- BRIEF -
All of the entries below, duplicated exactly, make up the answer.

(Records from a data collection)
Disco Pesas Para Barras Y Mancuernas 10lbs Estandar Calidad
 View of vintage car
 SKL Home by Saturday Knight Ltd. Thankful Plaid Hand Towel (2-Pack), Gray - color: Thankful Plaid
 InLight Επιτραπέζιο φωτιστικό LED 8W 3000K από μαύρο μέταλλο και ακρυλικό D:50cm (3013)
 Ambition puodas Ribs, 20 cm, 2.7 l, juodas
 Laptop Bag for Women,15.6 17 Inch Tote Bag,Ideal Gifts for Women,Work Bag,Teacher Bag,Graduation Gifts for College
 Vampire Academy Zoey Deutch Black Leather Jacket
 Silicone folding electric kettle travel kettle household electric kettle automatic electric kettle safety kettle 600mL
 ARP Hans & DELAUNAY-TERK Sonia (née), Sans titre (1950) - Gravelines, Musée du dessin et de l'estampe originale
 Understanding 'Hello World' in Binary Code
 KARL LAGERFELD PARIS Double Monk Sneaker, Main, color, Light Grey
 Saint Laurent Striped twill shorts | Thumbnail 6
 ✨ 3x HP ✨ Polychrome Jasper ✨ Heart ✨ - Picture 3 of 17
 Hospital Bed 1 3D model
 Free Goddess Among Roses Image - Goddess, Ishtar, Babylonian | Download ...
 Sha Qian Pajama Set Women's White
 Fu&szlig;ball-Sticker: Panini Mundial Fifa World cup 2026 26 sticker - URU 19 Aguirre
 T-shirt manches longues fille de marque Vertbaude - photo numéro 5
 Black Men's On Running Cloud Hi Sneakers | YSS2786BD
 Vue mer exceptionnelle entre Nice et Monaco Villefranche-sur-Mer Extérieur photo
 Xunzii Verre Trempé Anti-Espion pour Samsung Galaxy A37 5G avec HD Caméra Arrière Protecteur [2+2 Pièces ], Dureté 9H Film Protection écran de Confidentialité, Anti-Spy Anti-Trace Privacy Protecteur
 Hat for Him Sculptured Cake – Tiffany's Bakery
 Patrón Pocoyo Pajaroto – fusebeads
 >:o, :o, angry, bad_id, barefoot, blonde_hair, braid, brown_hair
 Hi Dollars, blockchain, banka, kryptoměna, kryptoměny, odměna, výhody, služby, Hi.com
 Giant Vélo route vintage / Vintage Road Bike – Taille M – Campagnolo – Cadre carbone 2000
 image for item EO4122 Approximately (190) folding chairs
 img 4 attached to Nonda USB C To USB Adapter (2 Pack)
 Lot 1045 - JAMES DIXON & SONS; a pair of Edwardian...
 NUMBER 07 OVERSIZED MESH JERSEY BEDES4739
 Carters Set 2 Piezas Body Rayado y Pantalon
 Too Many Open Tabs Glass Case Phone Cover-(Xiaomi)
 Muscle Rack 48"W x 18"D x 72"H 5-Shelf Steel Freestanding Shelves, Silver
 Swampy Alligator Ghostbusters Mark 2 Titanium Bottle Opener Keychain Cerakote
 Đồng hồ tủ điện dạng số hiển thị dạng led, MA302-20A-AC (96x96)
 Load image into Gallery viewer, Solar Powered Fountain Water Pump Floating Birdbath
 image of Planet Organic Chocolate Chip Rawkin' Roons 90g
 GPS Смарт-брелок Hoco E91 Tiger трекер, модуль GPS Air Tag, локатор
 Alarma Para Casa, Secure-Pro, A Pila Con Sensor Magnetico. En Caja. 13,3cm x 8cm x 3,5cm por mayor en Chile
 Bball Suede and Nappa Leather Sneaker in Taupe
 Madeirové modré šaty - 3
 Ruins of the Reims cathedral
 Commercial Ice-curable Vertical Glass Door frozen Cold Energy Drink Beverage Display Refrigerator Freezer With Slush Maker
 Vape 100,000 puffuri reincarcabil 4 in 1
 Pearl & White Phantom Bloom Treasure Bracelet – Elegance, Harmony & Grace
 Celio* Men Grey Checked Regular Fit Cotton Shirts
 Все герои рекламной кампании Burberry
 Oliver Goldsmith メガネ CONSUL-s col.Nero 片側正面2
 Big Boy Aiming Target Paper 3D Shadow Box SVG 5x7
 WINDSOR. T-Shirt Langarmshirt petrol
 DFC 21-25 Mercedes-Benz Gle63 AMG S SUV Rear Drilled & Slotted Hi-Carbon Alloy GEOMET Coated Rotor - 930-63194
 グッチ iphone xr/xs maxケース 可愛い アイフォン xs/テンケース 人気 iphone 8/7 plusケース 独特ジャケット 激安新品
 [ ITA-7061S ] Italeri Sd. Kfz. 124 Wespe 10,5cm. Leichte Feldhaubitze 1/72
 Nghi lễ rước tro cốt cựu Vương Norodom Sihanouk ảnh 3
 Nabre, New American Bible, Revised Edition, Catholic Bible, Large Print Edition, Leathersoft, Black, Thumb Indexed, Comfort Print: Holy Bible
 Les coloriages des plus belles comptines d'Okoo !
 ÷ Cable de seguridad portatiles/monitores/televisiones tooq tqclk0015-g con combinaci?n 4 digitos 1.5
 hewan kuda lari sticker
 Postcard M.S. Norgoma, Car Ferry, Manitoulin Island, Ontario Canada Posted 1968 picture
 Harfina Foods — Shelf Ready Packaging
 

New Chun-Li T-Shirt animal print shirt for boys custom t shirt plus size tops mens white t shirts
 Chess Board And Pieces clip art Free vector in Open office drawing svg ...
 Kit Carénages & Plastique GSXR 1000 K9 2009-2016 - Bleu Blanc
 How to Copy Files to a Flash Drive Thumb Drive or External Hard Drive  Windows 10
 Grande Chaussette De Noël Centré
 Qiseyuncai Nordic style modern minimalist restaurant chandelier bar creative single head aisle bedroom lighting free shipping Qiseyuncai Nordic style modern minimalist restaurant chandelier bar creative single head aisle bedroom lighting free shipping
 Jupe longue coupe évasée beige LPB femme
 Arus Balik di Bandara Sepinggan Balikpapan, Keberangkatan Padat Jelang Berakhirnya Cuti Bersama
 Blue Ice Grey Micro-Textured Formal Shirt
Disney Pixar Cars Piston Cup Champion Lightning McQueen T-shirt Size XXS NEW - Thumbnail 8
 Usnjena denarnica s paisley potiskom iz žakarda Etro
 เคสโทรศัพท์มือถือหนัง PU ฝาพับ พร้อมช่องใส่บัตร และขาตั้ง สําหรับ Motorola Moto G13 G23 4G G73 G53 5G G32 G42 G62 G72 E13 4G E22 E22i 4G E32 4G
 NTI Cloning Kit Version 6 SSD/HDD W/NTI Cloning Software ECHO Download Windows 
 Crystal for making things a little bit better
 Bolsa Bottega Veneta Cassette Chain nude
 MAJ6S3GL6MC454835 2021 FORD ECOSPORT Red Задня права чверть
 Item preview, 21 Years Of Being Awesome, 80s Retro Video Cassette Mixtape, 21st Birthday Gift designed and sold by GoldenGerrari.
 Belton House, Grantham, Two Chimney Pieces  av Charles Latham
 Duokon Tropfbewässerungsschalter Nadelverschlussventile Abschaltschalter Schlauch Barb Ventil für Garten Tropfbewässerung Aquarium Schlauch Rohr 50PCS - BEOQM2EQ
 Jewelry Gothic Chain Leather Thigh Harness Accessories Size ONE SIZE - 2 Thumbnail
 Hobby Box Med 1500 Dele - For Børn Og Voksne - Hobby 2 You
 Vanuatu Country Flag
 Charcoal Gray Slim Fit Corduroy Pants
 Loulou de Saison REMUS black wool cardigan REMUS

- WRITTEN ANSWER -
Disco Pesas Para Barras Y Mancuernas 10lbs Estandar Calidad
 View of vintage car
 SKL Home by Saturday Knight Ltd. Thankful Plaid Hand Towel (2-Pack), Gray - color: Thankful Plaid
 InLight Επιτραπέζιο φωτιστικό LED 8W 3000K από μαύρο μέταλλο και ακρυλικό D:50cm (3013)
 Ambition puodas Ribs, 20 cm, 2.7 l, juodas
 Laptop Bag for Women,15.6 17 Inch Tote Bag,Ideal Gifts for Women,Work Bag,Teacher Bag,Graduation Gifts for College
 Vampire Academy Zoey Deutch Black Leather Jacket
 Silicone folding electric kettle travel kettle household electric kettle automatic electric kettle safety kettle 600mL
 ARP Hans & DELAUNAY-TERK Sonia (née), Sans titre (1950) - Gravelines, Musée du dessin et de l'estampe originale
 Understanding 'Hello World' in Binary Code
 KARL LAGERFELD PARIS Double Monk Sneaker, Main, color, Light Grey
 Saint Laurent Striped twill shorts | Thumbnail 6
 ✨ 3x HP ✨ Polychrome Jasper ✨ Heart ✨ - Picture 3 of 17
 Hospital Bed 1 3D model
 Free Goddess Among Roses Image - Goddess, Ishtar, Babylonian | Download ...
 Sha Qian Pajama Set Women's White
 Fu&szlig;ball-Sticker: Panini Mundial Fifa World cup 2026 26 sticker - URU 19 Aguirre
 T-shirt manches longues fille de marque Vertbaude - photo numéro 5
 Black Men's On Running Cloud Hi Sneakers | YSS2786BD
 Vue mer exceptionnelle entre Nice et Monaco Villefranche-sur-Mer Extérieur photo
 Xunzii Verre Trempé Anti-Espion pour Samsung Galaxy A37 5G avec HD Caméra Arrière Protecteur [2+2 Pièces ], Dureté 9H Film Protection écran de Confidentialité, Anti-Spy Anti-Trace Privacy Protecteur
 Hat for Him Sculptured Cake – Tiffany's Bakery
 Patrón Pocoyo Pajaroto – fusebeads
 >:o, :o, angry, bad_id, barefoot, blonde_hair, braid, brown_hair
 Hi Dollars, blockchain, banka, kryptoměna, kryptoměny, odměna, výhody, služby, Hi.com
 Giant Vélo route vintage / Vintage Road Bike – Taille M – Campagnolo – Cadre carbone 2000
 image for item EO4122 Approximately (190) folding chairs
 img 4 attached to Nonda USB C To USB Adapter (2 Pack)
 Lot 1045 - JAMES DIXON & SONS; a pair of Edwardian...
 NUMBER 07 OVERSIZED MESH JERSEY BEDES4739
 Carters Set 2 Piezas Body Rayado y Pantalon
 Too Many Open Tabs Glass Case Phone Cover-(Xiaomi)
 Muscle Rack 48"W x 18"D x 72"H 5-Shelf Steel Freestanding Shelves, Silver
 Swampy Alligator Ghostbusters Mark 2 Titanium Bottle Opener Keychain Cerakote
 Đồng hồ tủ điện dạng số hiển thị dạng led, MA302-20A-AC (96x96)
 Load image into Gallery viewer, Solar Powered Fountain Water Pump Floating Birdbath
 image of Planet Organic Chocolate Chip Rawkin' Roons 90g
 GPS Смарт-брелок Hoco E91 Tiger трекер, модуль GPS Air Tag, локатор
 Alarma Para Casa, Secure-Pro, A Pila Con Sensor Magnetico. En Caja. 13,3cm x 8cm x 3,5cm por mayor en Chile
 Bball Suede and Nappa Leather Sneaker in Taupe
 Madeirové modré šaty - 3
 Ruins of the Reims cathedral
 Commercial Ice-curable Vertical Glass Door frozen Cold Energy Drink Beverage Display Refrigerator Freezer With Slush Maker
 Vape 100,000 puffuri reincarcabil 4 in 1
 Pearl & White Phantom Bloom Treasure Bracelet – Elegance, Harmony & Grace
 Celio* Men Grey Checked Regular Fit Cotton Shirts
 Все герои рекламной кампании Burberry
 Oliver Goldsmith メガネ CONSUL-s col.Nero 片側正面2
 Big Boy Aiming Target Paper 3D Shadow Box SVG 5x7
 WINDSOR. T-Shirt Langarmshirt petrol
 DFC 21-25 Mercedes-Benz Gle63 AMG S SUV Rear Drilled & Slotted Hi-Carbon Alloy GEOMET Coated Rotor - 930-63194
 グッチ iphone xr/xs maxケース 可愛い アイフォン xs/テンケース 人気 iphone 8/7 plusケース 独特ジャケット 激安新品
 [ ITA-7061S ] Italeri Sd. Kfz. 124 Wespe 10,5cm. Leichte Feldhaubitze 1/72
 Nghi lễ rước tro cốt cựu Vương Norodom Sihanouk ảnh 3
 Nabre, New American Bible, Revised Edition, Catholic Bible, Large Print Edition, Leathersoft, Black, Thumb Indexed, Comfort Print: Holy Bible
 Les coloriages des plus belles comptines d'Okoo !
 ÷ Cable de seguridad portatiles/monitores/televisiones tooq tqclk0015-g con combinaci?n 4 digitos 1.5
 hewan kuda lari sticker
 Postcard M.S. Norgoma, Car Ferry, Manitoulin Island, Ontario Canada Posted 1968 picture
 Harfina Foods — Shelf Ready Packaging
 

New Chun-Li T-Shirt animal print shirt for boys custom t shirt plus size tops mens white t shirts
 Chess Board And Pieces clip art Free vector in Open office drawing svg ...
 Kit Carénages & Plastique GSXR 1000 K9 2009-2016 - Bleu Blanc
 How to Copy Files to a Flash Drive Thumb Drive or External Hard Drive  Windows 10
 Grande Chaussette De Noël Centré
 Qiseyuncai Nordic style modern minimalist restaurant chandelier bar creative single head aisle bedroom lighting free shipping Qiseyuncai Nordic style modern minimalist restaurant chandelier bar creative single head aisle bedroom lighting free shipping
 Jupe longue coupe évasée beige LPB femme
 Arus Balik di Bandara Sepinggan Balikpapan, Keberangkatan Padat Jelang Berakhirnya Cuti Bersama
 Blue Ice Grey Micro-Textured Formal Shirt
Disney Pixar Cars Piston Cup Champion Lightning McQueen T-shirt Size XXS NEW - Thumbnail 8
 Usnjena denarnica s paisley potiskom iz žakarda Etro
 เคสโทรศัพท์มือถือหนัง PU ฝาพับ พร้อมช่องใส่บัตร และขาตั้ง สําหรับ Motorola Moto G13 G23 4G G73 G53 5G G32 G42 G62 G72 E13 4G E22 E22i 4G E32 4G
 NTI Cloning Kit Version 6 SSD/HDD W/NTI Cloning Software ECHO Download Windows 
 Crystal for making things a little bit better
 Bolsa Bottega Veneta Cassette Chain nude
 MAJ6S3GL6MC454835 2021 FORD ECOSPORT Red Задня права чверть
 Item preview, 21 Years Of Being Awesome, 80s Retro Video Cassette Mixtape, 21st Birthday Gift designed and sold by GoldenGerrari.
 Belton House, Grantham, Two Chimney Pieces  av Charles Latham
 Duokon Tropfbewässerungsschalter Nadelverschlussventile Abschaltschalter Schlauch Barb Ventil für Garten Tropfbewässerung Aquarium Schlauch Rohr 50PCS - BEOQM2EQ
 Jewelry Gothic Chain Leather Thigh Harness Accessories Size ONE SIZE - 2 Thumbnail
 Hobby Box Med 1500 Dele - For Børn Og Voksne - Hobby 2 You
 Vanuatu Country Flag
 Charcoal Gray Slim Fit Corduroy Pants
 Loulou de Saison REMUS black wool cardigan REMUS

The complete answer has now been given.